単語と単語を結ぶ線が太いほど結びつきが強い。
演説は文章で書き表されたものではないため、構成が散漫で言葉足らずな表現が少なくない。だが上川氏の演説に「出産困難な人への配慮を欠く」要素はまるでなかった。
もし「生む」「生み出す」「生みの苦しみ」と比喩や慣用句を使うだけで配慮を欠くなら、これらを政治家に限らず私たちは二度と使えなくなる。
嘘をついて責任を取らない報道
大多数の人々は上川氏の演説を耳にしていない。
このため「うまずして何が女性か」「出産困難な人への配慮を欠くと指摘される可能性がある」と報じられると、この通りの発言や出来事があったと信じる人が多かった。
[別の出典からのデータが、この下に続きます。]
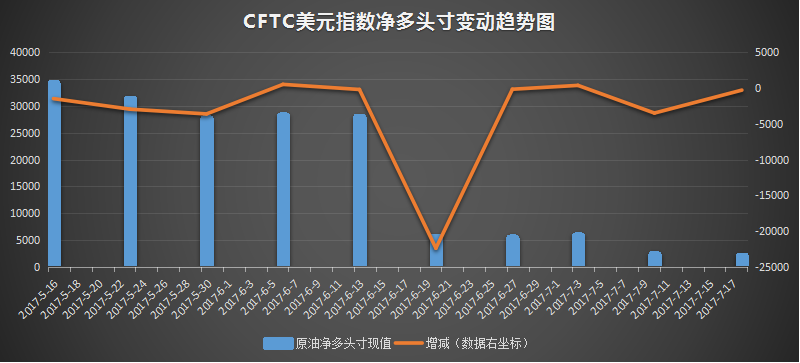 cftc美元指数净多头寸变动趋势图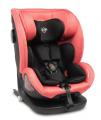 Caretero Securo I-size di.pinkautósülés 40-150cm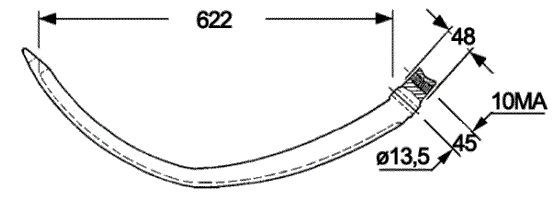 Odoo CMS - a big picture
しかも共同通信の英語版記事は、見出しが「Japan minister queries women’s worth without birth in election speech」で、「equating the importance of childbirth to electing a new governor in a speech ahead of a gubernatorial election」と報じている。
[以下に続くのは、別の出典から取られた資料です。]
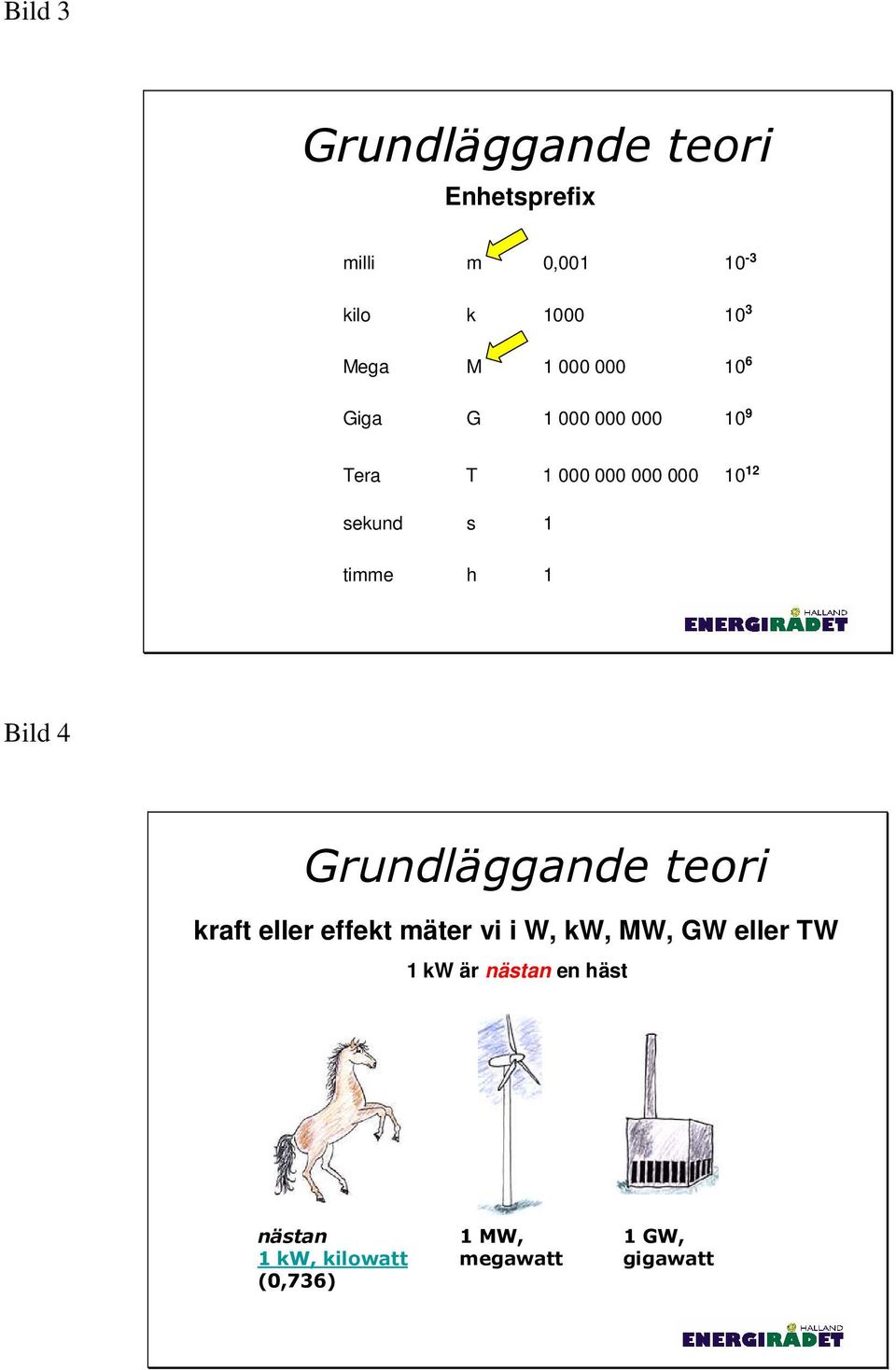 h 1 1 Bild 4 Grundläggande teori kraft eller effekt mäter vi i W, kw, MW, GW eller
これらは「日本の大臣、選挙演説で出産を伴わない女性の価値を問う」「知事選挙を前にしたスピーチで、出産の重要性を新しい知事を選ぶことと同列に扱った」という意味だ。
多くの日本人でさえ演説の実態を知らないのだから、非日本語話者や海外の人々は輪を掛けて何も知らず、報道を鵜呑みにしただけでなく、後に共同通信の切り取り報道または虚報であったと知られた経緯も浸透しなかった。そして未だに上川氏の演説についてインターネットを検索すると、共同通信が報じた内容に沿ったマスコミ各社の報道が候補の上位に並んでいる。